=== Section Start ===

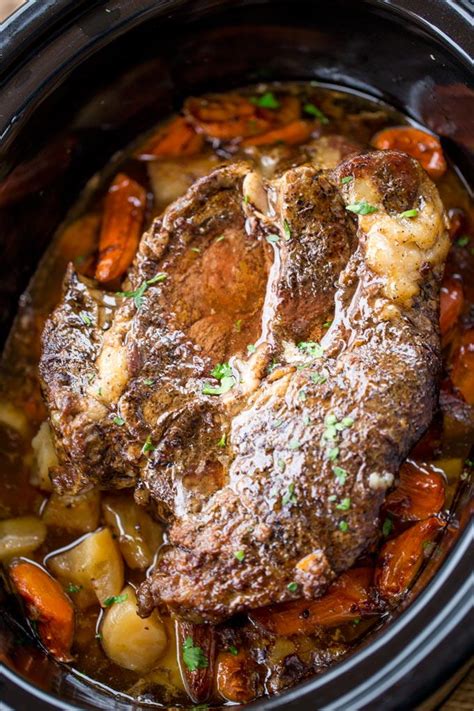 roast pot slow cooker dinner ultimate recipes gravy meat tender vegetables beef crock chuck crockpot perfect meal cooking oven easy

=== Section End ===
=== Section Start ===

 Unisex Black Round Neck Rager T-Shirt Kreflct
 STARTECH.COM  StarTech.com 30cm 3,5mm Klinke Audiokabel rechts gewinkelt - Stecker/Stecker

=== Section End ===

**AIM OF THE TASK:** Copy the lines above exactly, beginning at the line that has "Unisex Black Round" and stopping after the line that has "gewinkelt - Stecker/Stecker", and omit the rest.

**RESPONSE AREA:**
 Unisex Black Round Neck Rager T-Shirt Kreflct
 STARTECH.COM  StarTech.com 30cm 3,5mm Klinke Audiokabel rechts gewinkelt - Stecker/Stecker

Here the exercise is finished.